$f_1$ case
Denote by $\alpha$ one of $f_1$ real roots. As $f_1$ is irreducible over $\mathbb Q$, $[\mathbb Q(\alpha):\mathbb Q]=4$. If $\beta$ is one of the non real roots of $f_1$, $\beta \notin \mathbb Q(\alpha)$ and we can write in $\mathbb Q(\alpha)[x]$:
$$f_1(x) = (x- \alpha)(x - \tilde{\alpha})q_1(x)$$ where $\tilde{\alpha} \in \mathbb Q(\alpha)$ and $q_1$ is an irreducible polynomial of $\mathbb Q(\alpha)$. We have $[L:\mathbb Q] = [L:\mathbb Q(\alpha)][\mathbb Q(\alpha):\mathbb Q]=8$ and $\mathbb Q \subset \mathbb Q(\alpha)$ is not a Galois extension.

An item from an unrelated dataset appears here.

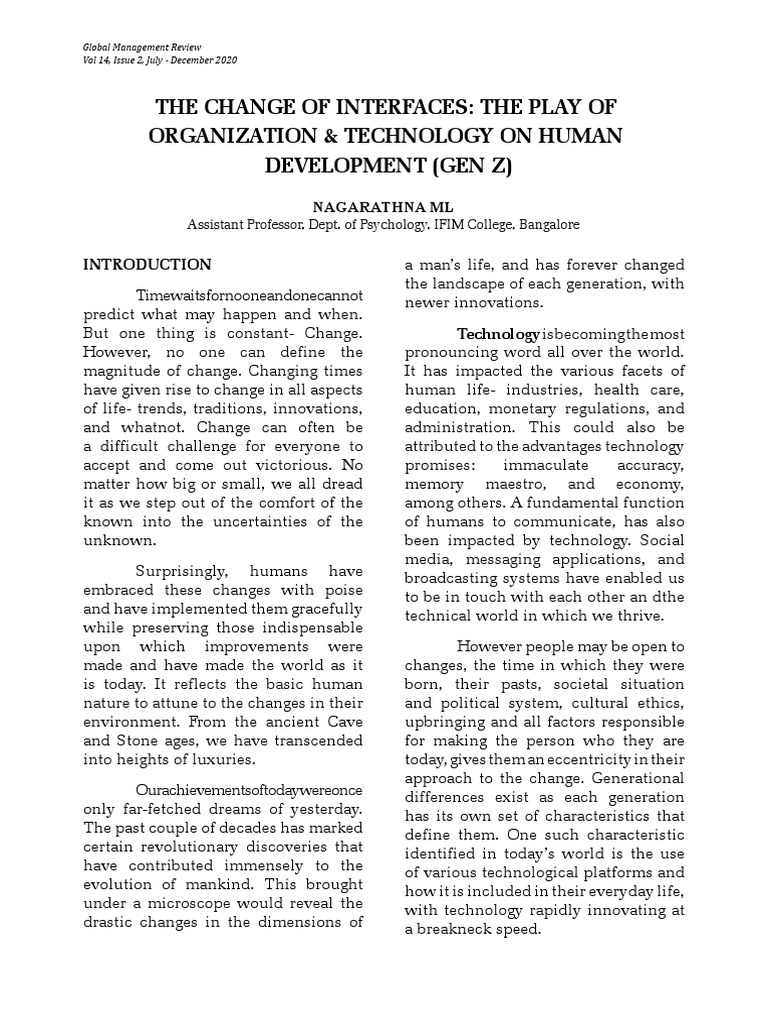4 The Change of Interfaces | PDF | Major Depressive Disorder ...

According to the fundamental theorem of the Galois theory this implies that $\mathrm{Gal}(L/\mathbb Q(\alpha))$ is not a normal subgroup of $\mathrm{Gal}(L/\mathbb Q)$.

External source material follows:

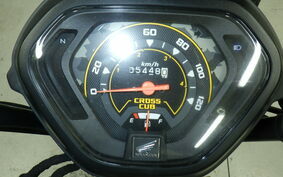 HONDA CROSS CUB 110 JA45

And finally that $\mathrm{Gal}(f_1) = D_8$, the dihedral group of order 8, which is the only group of order $8$ having non normal subgroups.
$f_2$ case
$\alpha = \sqrt{3 -\sqrt 5}$ is one of $f_2$ roots and the set of roots is $\{\alpha, -\alpha, 2/\alpha, -2/\alpha\}$. Therefore
$$\vert \mathrm{Gal}(f_2) \vert = [\mathbb Q(\alpha):\mathbb Q]=4$$ and $\mathrm{Gal}(f_2) $ is either the cyclic group $\mathbb Z_4$ or the Klein-four group $\mathbb Z_2 \times \mathbb Z_2$ which are the only groups of order $4$. One can verify that $\mathrm{Gal}(f_2) $ has no element of order $4$.
Therefore it is equal to the Klein-four group.